Throne of Kings (5.10b) is an eight-pitch climb near Lions Bay, between North Vancouver and Squamish. It has stunning views, fun climbing, and a long, steep approach that will keep the crowds away — for now.
The climbing started mellow with two short, easy pitches. Wonderful warmup.

Pitch three is where the fun begins with a very athletic 5.9. There are big jugs, but you’re hauling yourself up over an overhang. I am a pretty solid 5.9 leader and found it right on the edge of my abilities to onsite. It got my adrenaline going and was super fun.
Pitch four was short, only four bolts.

Then it was my turn on pitch five, a 5.8. It was one of the more enjoyable pitches of rock climbing I’ve experienced in a while. The bolts were a bit spaced out, so you had to think about what you were doing. But I felt like I was climbing a fun, wandering jungle gym.
Then came the crux pitch, a 5.10b. Most of it was pretty easy, similar to the 5.8 or 5.9 that came before it. But there was one very crimpy move that was quite hard.
Lee got it on lead, so good for her. I, for the life of me, could not haul myself up there after several tries. I was weighed down with our shared backpack containing our shoes, water and snacks, so that did not help.

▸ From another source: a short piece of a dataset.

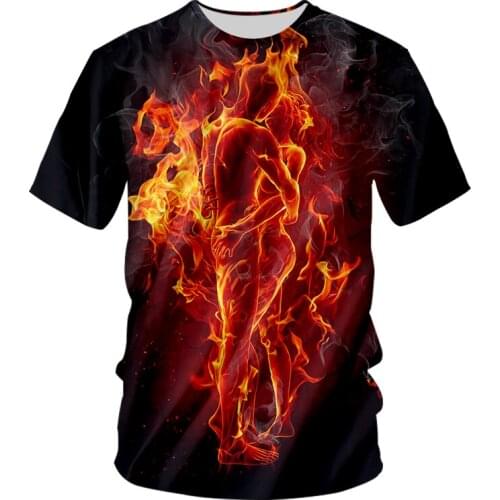 UJWI Mens Novel O Neck Tshirt 3D Printed Flame Hug Couple Tee Shirt Handsome Hip Hop Man Gothic Glitter T-shirt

The obvious line straight up has OK crimps but no feet. I considered exploring to the left like Lee had, but I was feeling a bit shy about my struggles as another party was coming in hot behind me. We figured out how to give me a little boost to get me the two inches I needed to move on. And move on we did!
I would caution that a leader cannot pull their way through the crux by hauling on a quick draw. Someone in your party has to actually lead the thing. I am not normally shut down by a 10b on top rope, so I do wonder if this one move was pretty stiff for the grade. Maybe the overall grade was rounded down to make up for the easier climbing around it.

The group behind us couldn’t get one of their climbers through the crux, so they ended up rappelling down from there. Knowing some rope rescue or aid climbing tricks might help if one of your party suspects they will struggle at the crux.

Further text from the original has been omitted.